O que você mais gosta Maptitude?
Tenho usado o Maptitude desde 1998. Comecei a usá-lo na prática profissional e continuei a utilizá-lo ao longo da minha carreira acadêmica. Trabalhei com ele nos EUA, Austrália, Reino Unido, Emirados Árabes Unidos e agora no Pacífico Sul. Honestamente, é uma das melhores ferramentas de GIS que já encontrei, especialmente pela facilidade de uso.
O que realmente o torna valioso são os dados que você obtém. Estradas, cursos d'água, edifícios, localizações de negócios, e em muitos países você obtém segmentação geodemográfica além de estimativas e previsões populacionais até áreas bem pequenas. Esse nível de detalhe é importante quando você está fazendo análises sérias em vez de apenas observar padrões amplos de países ou estados. Mesmo quando estou trabalhando em ilhas remotas do Pacífico onde os conjuntos de dados locais são escassos, posso importar shapefiles do OpenStreetMap e ainda construir modelos sólidos.
O software continua melhorando também. Em 2014, fiz um vídeo no YouTube mostrando como criar um modelo de gravidade de varejo de Huff. Era viável, mas lento, e você tinha que terminar partes dele no Excel. Em 2020, eles adicionaram o Modelo de Huff como um recurso padrão. Esse tipo de resposta ao que os usuários realmente precisam é o motivo pelo qual continuo com a Caliper.

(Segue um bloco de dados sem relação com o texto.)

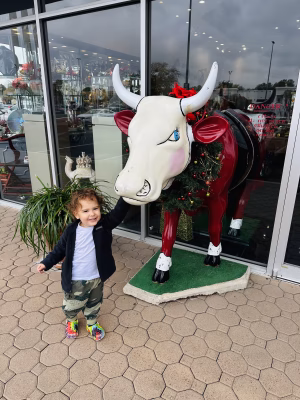 Benjamin Faulkner - Project Casting Gallery Image 18 Benjamin Faulkner - Gallery Image 18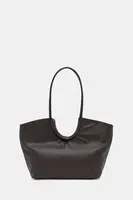 Kožená kabelka Answear.LAB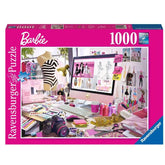 BARBIE - ICONA DI STILE - 1000 PZ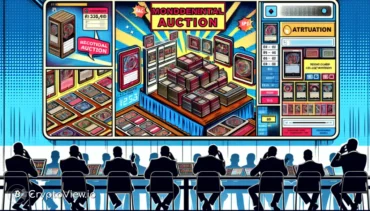 كيف حققت بطاقة بيكاتشو المصور مبيعات قياسية؟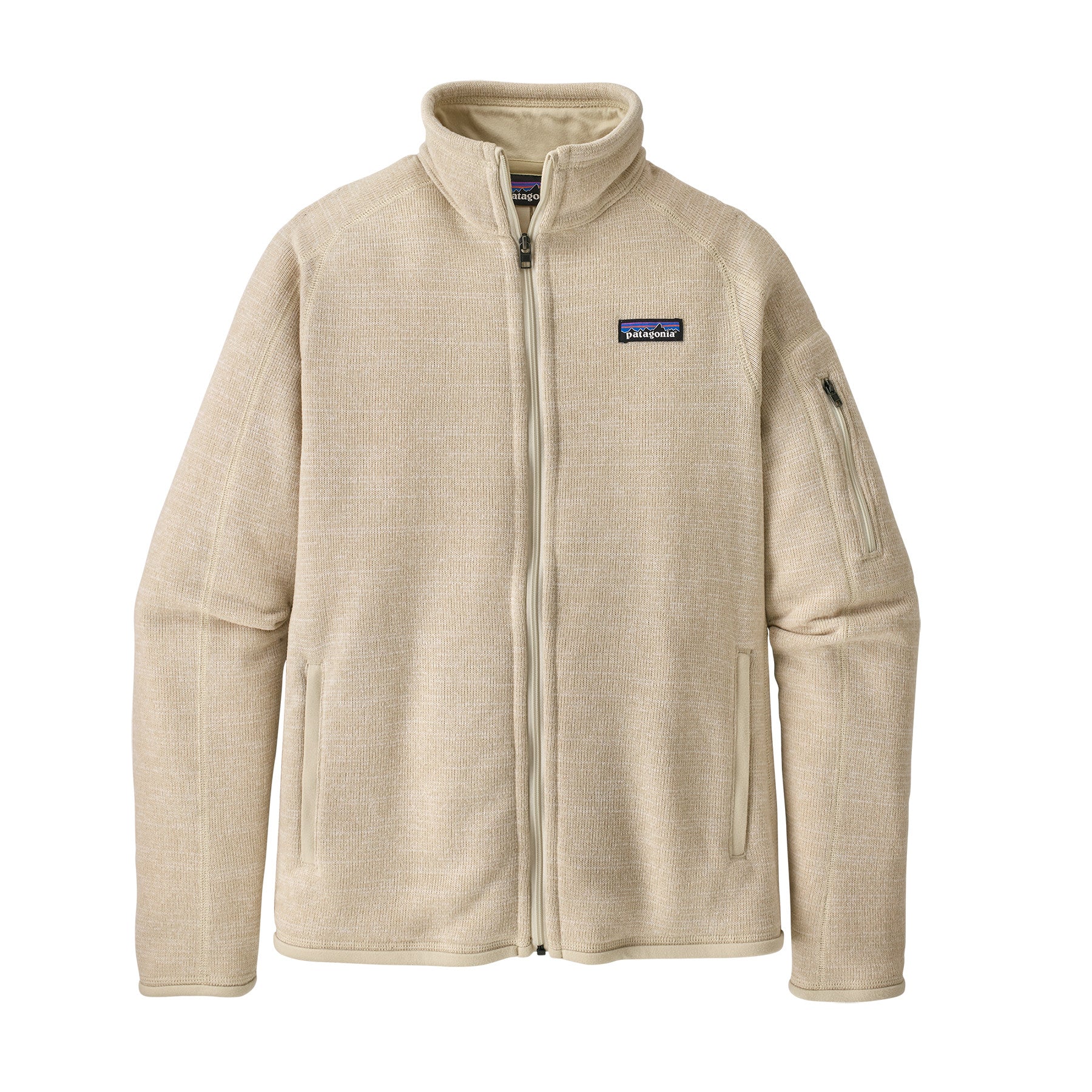 Women's Better Sweater® Jacket – Patagonia Worn Wear®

Uso-o intensivamente no ensino. Nas universidades na Austrália, Reino Unido e agora aqui nos Emirados Árabes Unidos, começo os alunos no Maptitude desde o primeiro ano. Em três sessões de laboratório, eles já estão realizando análises de mercado. Anéis, diagramas de Voronoi, modelos de Huff, tudo. Supervisiono estudantes de mestrado fazendo projetos de pesquisa adequados com ele, incluindo um que acabou publicado em um jornal revisado por pares.
Depois de quase 30 anos, ainda acho que é um 10/10. A combinação de ser intuitivo o suficiente para iniciantes, mas poderoso o suficiente para trabalhos avançados, é rara. Análise coletada por e hospedada no G2.com.
O que você não gosta Maptitude?
O Maptitude é uma plataforma excelente, mas ainda há algumas áreas onde mais desenvolvimento agregaria muito valor. Uma delas é a integração com Python. Atualmente, o Python pode ser usado junto com o Maptitude, mas não há uma maneira direta de executar modelos econométricos espaciais avançados dentro do software. Modelos de autorregressão espacial, por exemplo, ainda precisam ser executados no R, Stata ou PySAL. Uma ligação mais estreita com o Python permitiria aos usuários combinar as forças de mapeamento do Maptitude com as ferramentas analíticas do Python em um único fluxo de trabalho.
Outra área é a automação da análise espacial. O Maptitude já torna tarefas complexas muito mais acessíveis, mas muitas análises ainda precisam de uma configuração manual considerável. Fluxos de trabalho mais automatizados para técnicas espaciais comuns acelerariam o processo e tornariam o software mais fácil de usar, especialmente para estudantes e profissionais que precisam de resultados confiáveis rapidamente.
Finalmente, há muito potencial nas futuras capacidades de IA. Será interessante ver como a Caliper integrará a IA no Maptitude, seja através de automação inteligente, melhor detecção de padrões ou modelagem preditiva. Esses tipos de ferramentas poderiam abrir novas opções para análise de mercado, teste de cenários e suporte à decisão, e levariam o software além do uso tradicional de SIG. Análise coletada por e hospedada no G2.com.